Il s’agit donc d’étudier avec les méthodes utilisées sur les arbres le fonctionnement du système vasculaire des plantes en manque hydrique. Le laboratoire de Floirac est ainsi en relation étroite avec cinq fermes péri-urbaines de la banlieue de Bordeaux. La résistance des grandes cultures (blé, soja, maïs) y est testée selon différentes méthodes agronomiques inspirées du fonctionnement des cycles du carbone, de la matière organique et de l’eau dans les systèmes forestiers où la fertilité des sols croît malgré l’exploitation des nutriments par les arbres et sans utilisation de pesticides et d’engrais chimiques.

"Nous étudions ainsi le 'relay-cropping' où dans un même champ deux cultures sont imbriquées comme par exemple le soja et le blé, détaille Sylvain Delzon. Le soja est semé entre deux rangs deux mois avant la récolte de blé pour qu’au moment de la moisson, le soja continue d’occuper le terrain. La graine est ensuite récoltée et la biomasse rendue au sol pour l’enrichir".

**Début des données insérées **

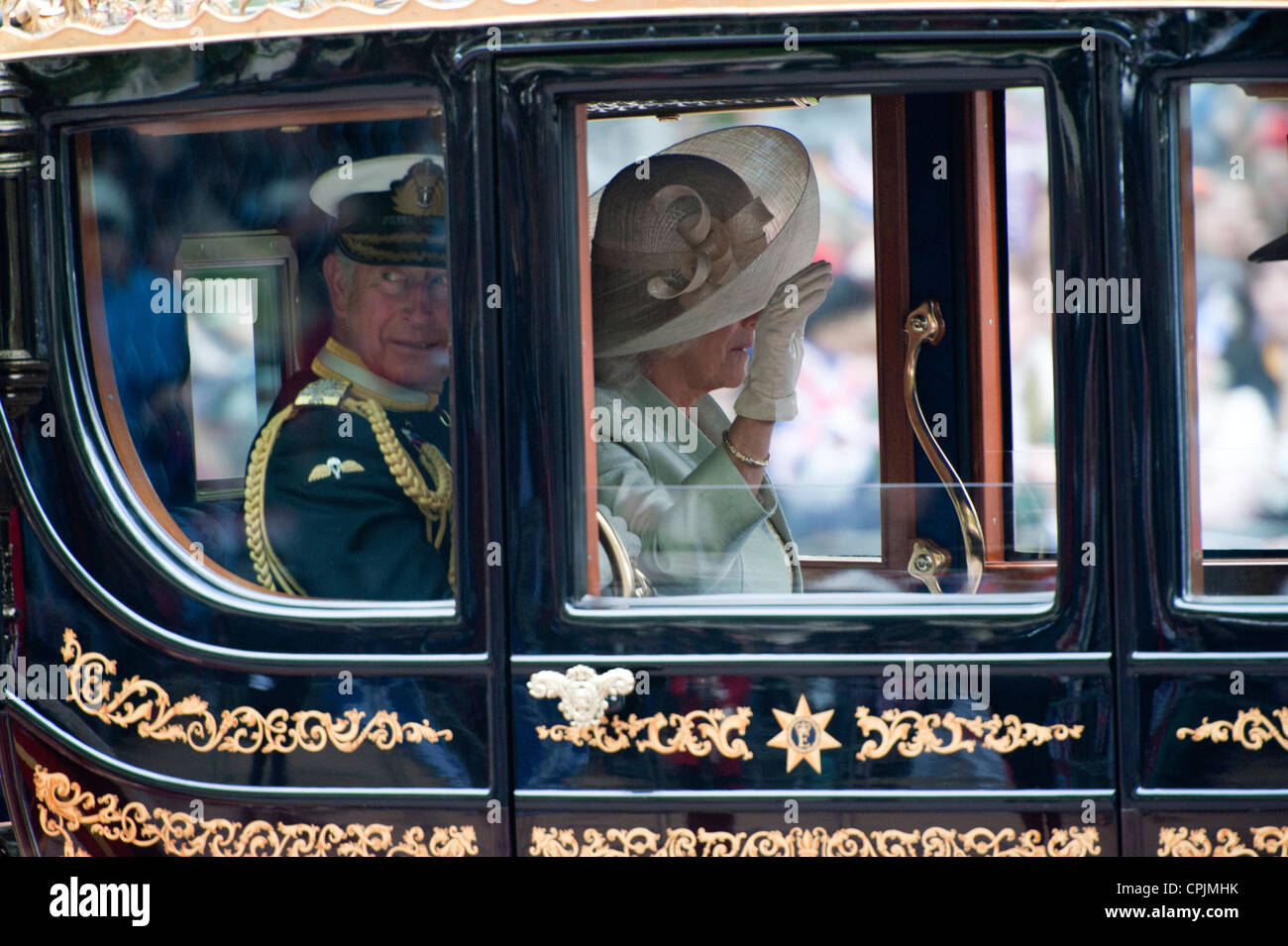 Der Herzog & Herzogin von Cornwall, Prinz Charles und Camilla Parker-Bowles nach der Hochzeit von Prinz William & Kate Middleton. Stockfoto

La technique est encore peu utilisée en agriculture. Elle constitue néanmoins une voie prometteuse, notamment dans les pays du sud où les plantations en mélange sont déjà très répandues. Le 'relay-cropping' est notamment promu par le programme international "4/1000" dont le but est de diffuser les techniques agronomiques qui permettent d’améliorer les teneurs en matière organique des sols.

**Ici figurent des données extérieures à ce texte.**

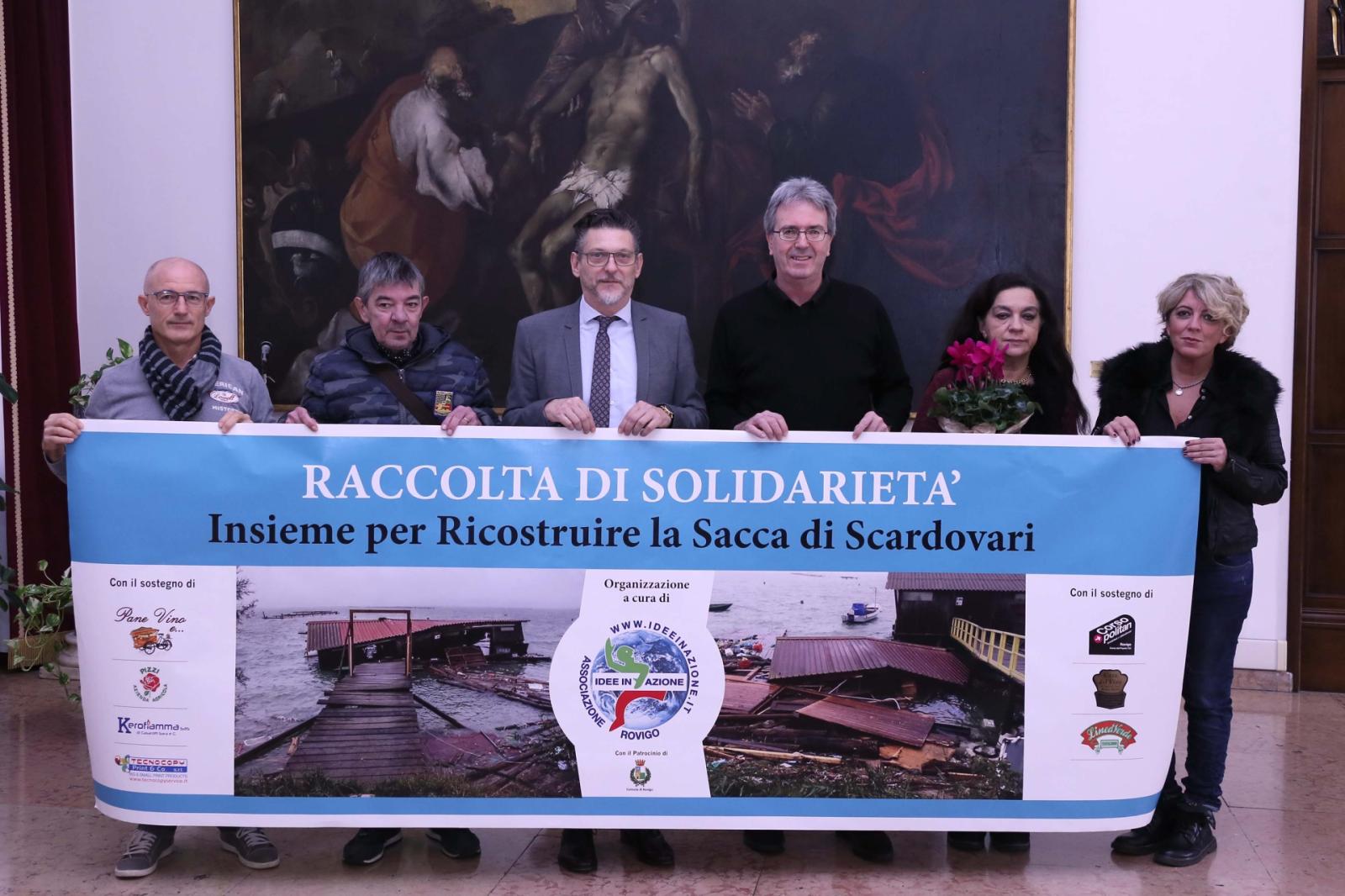 Panini, castagne e ciclamini per aiutare la Sacca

C’est cette expertise qu’est venu chercher le roi Charles III à Floirac. "On sent que c’est un sujet qui lui tient à cœur, et sur lequel il a de bonnes connaissances", témoigne Sylvain Delzon. Le souverain a terminé sa visite en affirmant vouloir rester en contact. Il est trop tôt pour affirmer que son passage débouchera sur une collaboration en bonne et due forme entre le laboratoire de l’Inrae et la fondation, mais les conseillers du Palais ont repris langue quelques jours après la venue du roi, concrétisant la promesse royale.